Like most of its peers, Nvidia’s stock price has been on a rollercoaster for most of 2019. The firm was hit hard by uncertainty about a trade deal over the summer as well as concern about rising competition from rival chipmakers. However, as rhetoric between Washington and Beijing continues to improve, investors have started to return to NVDA stock.
NVDA’s end markets hold a lot of potential growth for the firm if it’s able to execute on its strategy. Right now, the firm is the GPU leader in both data center applications as well as gaming, both of which are set to grow exponentially in the coming years.
Diversity and Nvidia Stock
Gaming is one area that could see impressive growth in 20202. NVDA’s Tegra SoCs chips have been commissioned by Nintendo for the Nintendo Switch and Switch Lite— which is likely to see strong demand through the holiday quarter and through 2020, this boosting Nvidia’s gaming arm,
Nvidia stock is also likely to see momentum in its data center business in 2020, where its GPU’s have the upper hand against competitors like Advanced Micro Devices (NASDAQ:AMD). In the third quarter, NVDA’s data center revenue was up 11% from the previous quarter, but sales were down 8% from the year-ago quarter.
That weakness did very little to dull the shine of NVDA stock, an unexpected outcome according to Moore.

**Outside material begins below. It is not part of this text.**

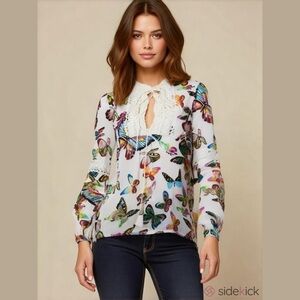 Tory Burch Women’s White Cotton Butterfly V-neck Long Sleeve Blouse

The firm’s most recent quarterly results may not have been spectacular, but the stock seemed to shake off any negativity.
“Both gaming and data center fell short of expectations over the course of 2019, and we were surprised at how well the stock was doing in light of that”
Further to Climb
However, with NVDA stock trading above $221 per share, investors might be wondering if they’ve missed the boat. The answer to that depends on your timeline.

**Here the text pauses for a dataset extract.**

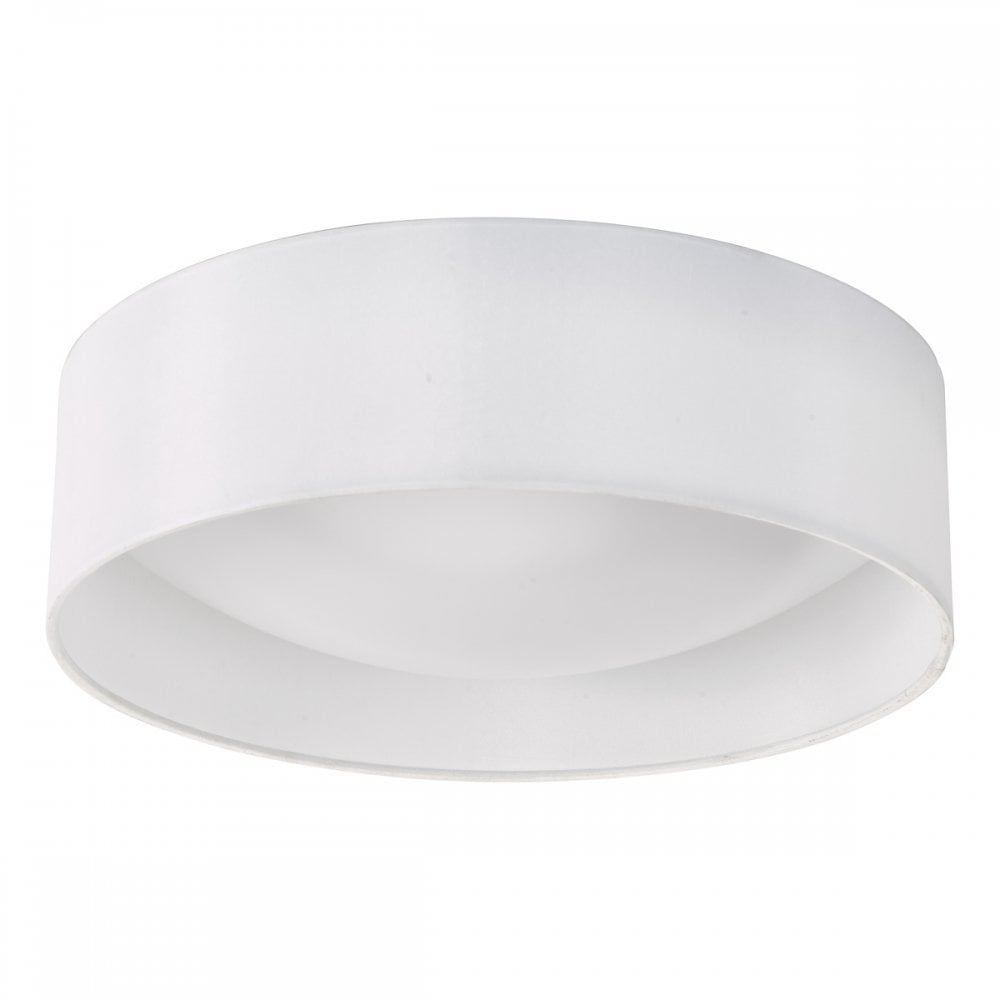 Dar NYS502 Nysa 2 Light Flush White Faux Silk 40cm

In the near term, NVDA’s valuation makes for a risky bet. Nvidia stock has the potential to nosedive if it doesn’t live up to the hype. That’s particularly true in the semiconductor space, where suppliers like NVDA depend on their customers’ inventory management in order to maintain demand.
More disappointment is likely in-store, according to Nvidia’s own forecasts. The firm is forecasting revenue between $2.89 billion and $3.01 billion for the current quarter, below analysts’ expectations.
For those looking further out into the future, NVDA stock could be a great choice among chip stocks. Aside from data centers and gaming, Nvidia has growth opportunities in other fast-growing tech spaces as well.
The firm has emerged as a formidable competitor in the Artificial Intelligence space, and its autonomous driving arm has also been acknowledged as a top-class competitor.
The Bottom Line on Nvidia Stock
The semiconductor space is a bumpy one no matter how you slice it, but this year we’ve seen chip stocks rise considerably. Those rich valuations make it riskier to add semiconductor plays to your portfolio.
However, for those that are comfortable with some turbulence— NVDA looks like one of the best buys.
While NVDA certainly has a high valuation right now, it looks justified for the long term. As Moore put it, “All semiconductor stocks are at a premium multiple on 2020 earnings, but across the group, we see Nvidia as having one of the best opportunities to maintain a high multiple as we shift to 2021.”
Nvidia stock could lose ground if its earnings disappoint in February, offering investors a better entry point. However, there’s no guarantee the firm won’t hold on to its most recent gains so now could be a good time to start building a position in NVDA stock.
As of this writing, Laura Hoy did not hold a position in any of the aforementioned securities.